These kids are the latest graduates of the Quiteno style, the colonial offspring of the gunshot wedding between Spanish Catholicism and indigenous aesthetics. Everywhere you look, you see cupolas, spires, baroque follies, life-like Virgins and Inca suns.
The San Diego cemetery, perched above the town, is a thing of beauty, with its mausoleums and melancholy angels. Inside the spooky 16th-century San Diego convent next door, where nuns scurry in the shadows, I spot the most extreme Christ in a country where gory crucifixions adorn every church and even the odd restaurant. “This is how you love,” says a note that someone has pinned to his feet.
The mystic 17th-century Quiteno artist Miguel de Santiago allegedly killed one of his students to make his shocking sculpture of the dead Christ, and today you can still wonder at it in the San Augustin Monastery, where monks live in seclusion.
But the greatest marvel at the heart of the old town is San Fransisco, the continent’s most extravagant religious center. It has miraculously survived countless earthquakes and volcanic eruptions, and only now is it under restoration for the first time.
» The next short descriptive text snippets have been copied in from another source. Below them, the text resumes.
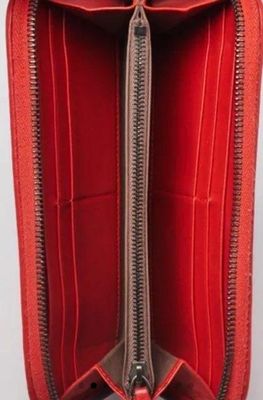Bottega Veneta Red Intrecciato Leather Zip Around Wallet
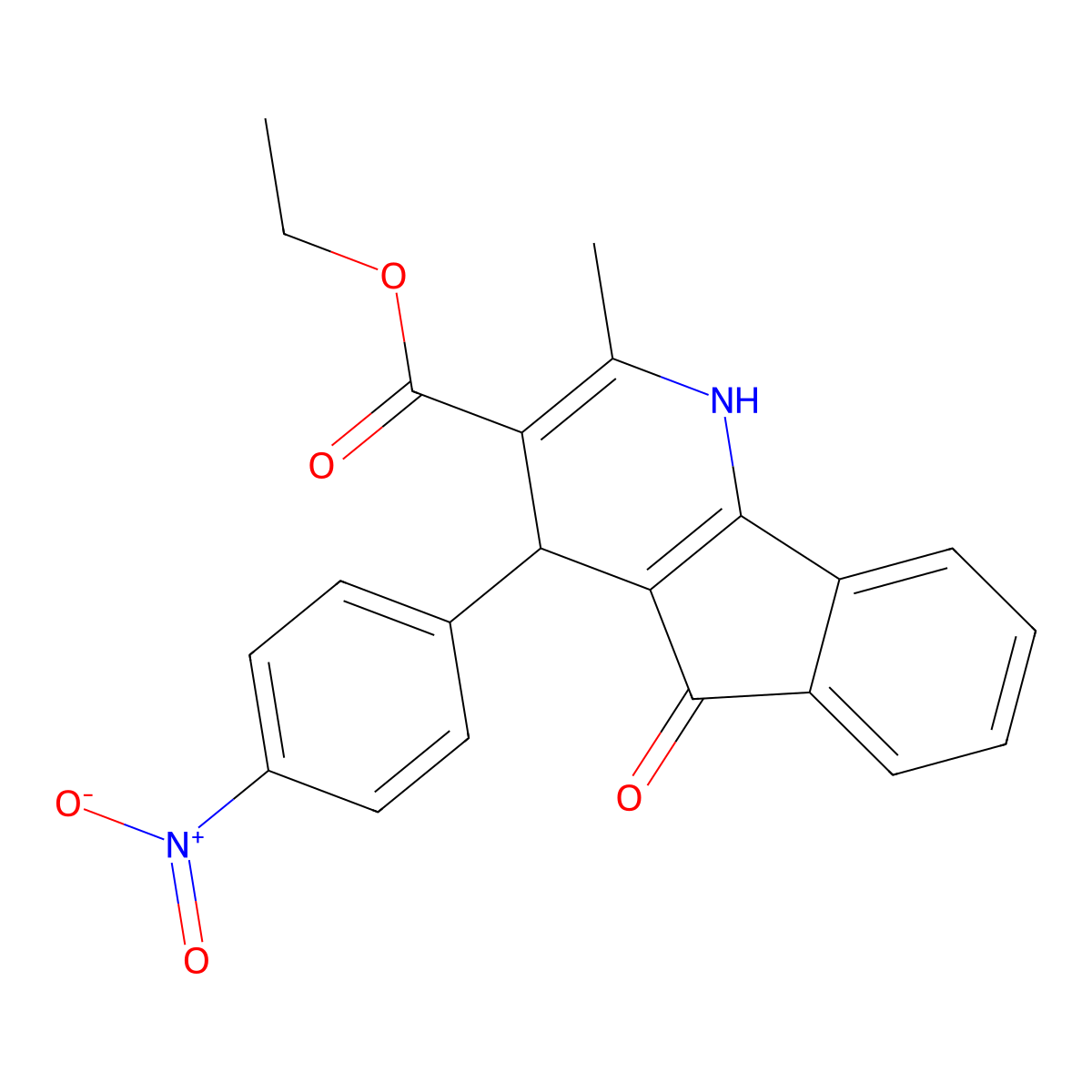 ethyl 2-methyl-4-(4-nitrophenyl)-5-oxo-4,5-dihydro-1H-indeno[1,2-b]pyridine-3-carboxylate molecular structure, CAS 35929-95-4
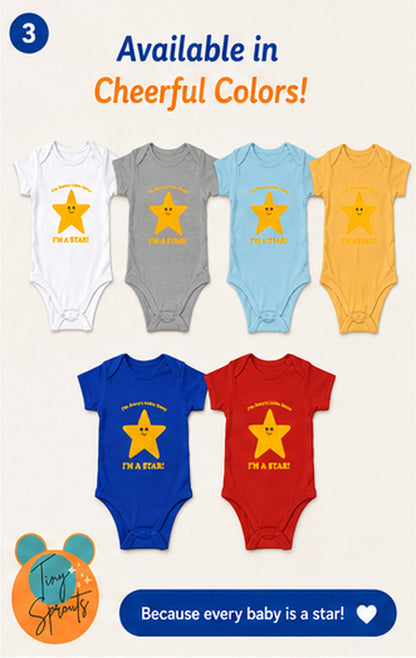 I Am Star baby onesie detail 3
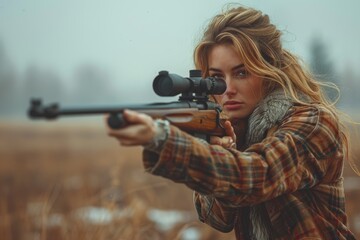A young woman aiming down sights of a classic rifle in a fall wilderness setting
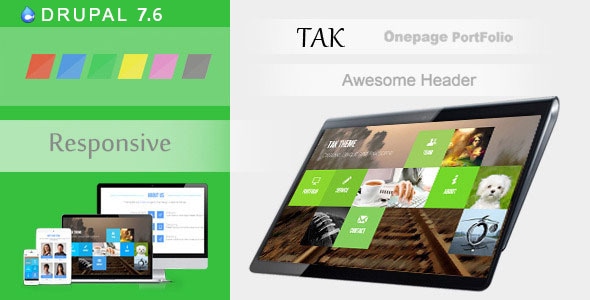 TAK - Responsive Onepage Portfolio Drupal 7.6 Theme - Drupal CMS Themes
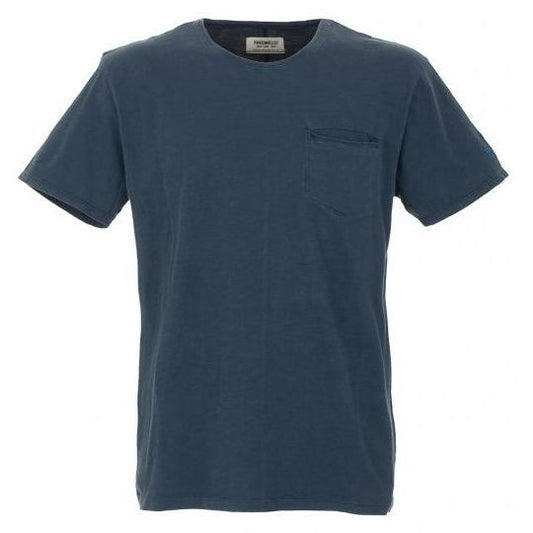 Vintage Charm Blue Crew Neck Tee with Pocket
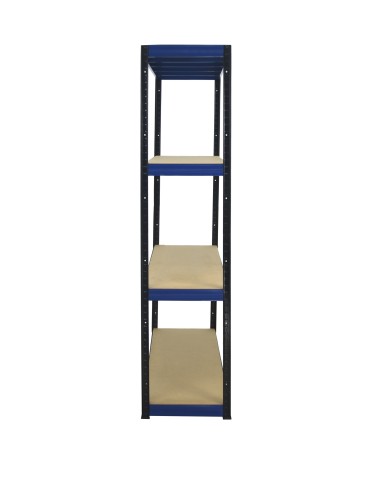 Kellerregale/Garagenregale - Metallregal Werkstatt Schwerlastregal Helios HBN_180x100x40_4 Böden, Traglast: 175 Kg, Farbe: SCHWARZ/BLAU - product 3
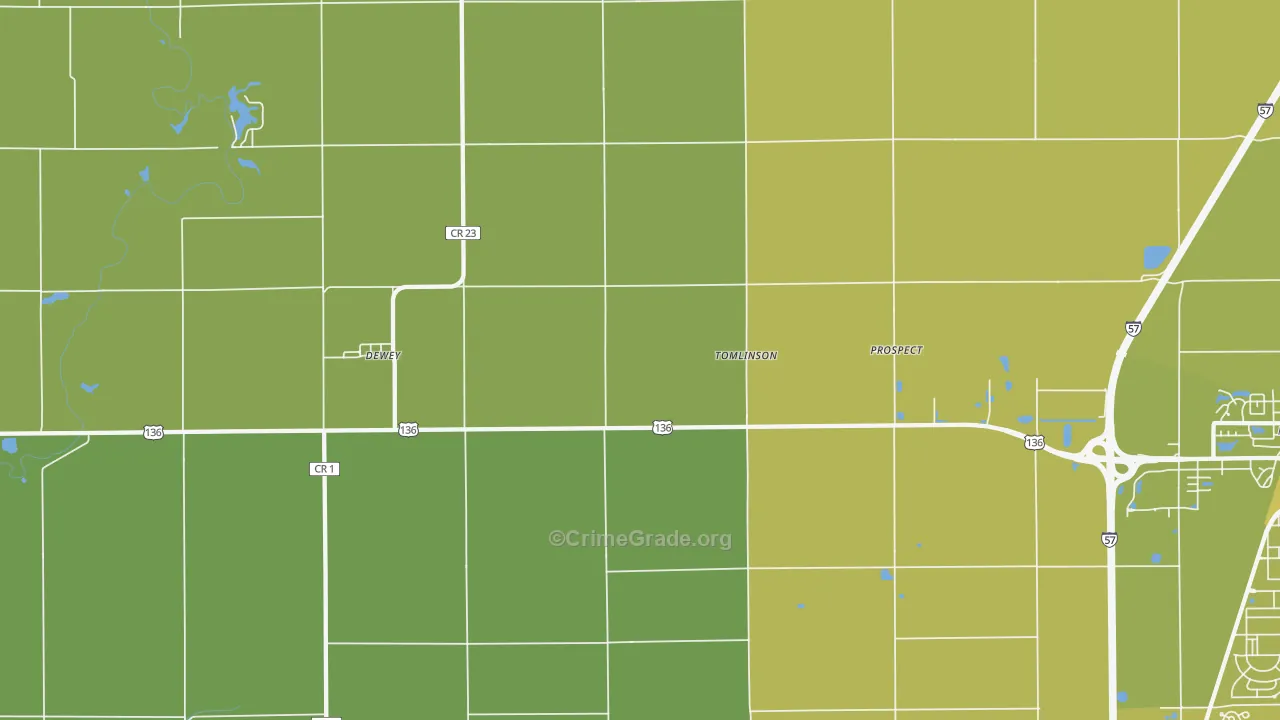 Tomlinson, IL Map of Vehicle Theft Rates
I climb the scaffolding with the head architect to get baroque vertigo near the gilded, Arab-influenced ceilings and grinning cherubs. “This is the biggest restoration project Quito has seen,” Senor Cheka tells me. “This place was built on the remains of the palace of Atahualpa, and nobody has touched it since. We are digging up skeletons under the church floor. Who knows what else we’ll dig up before we open to the public.” Atahualpa was the last Inca chief, and there is a legend about the gold he left to his protege, Cantuna.
Most likely, the gold is nowhere to be found, because it was used to build San Francisco, just like all the gold the Spaniards found. In return, they gave the indigenous people the promise of salvation, and mirrors that supposedly contained their souls.
This summer, Quito is putting on a big fiesta to celebrate 200 years since South America’s first independence uprising. It ended with bloodshed, but freedom followed. The Spaniards have been long subsumed into the indigenous pool. Old Quito hums with new energies, and the future belongs to the children of Atahualpa.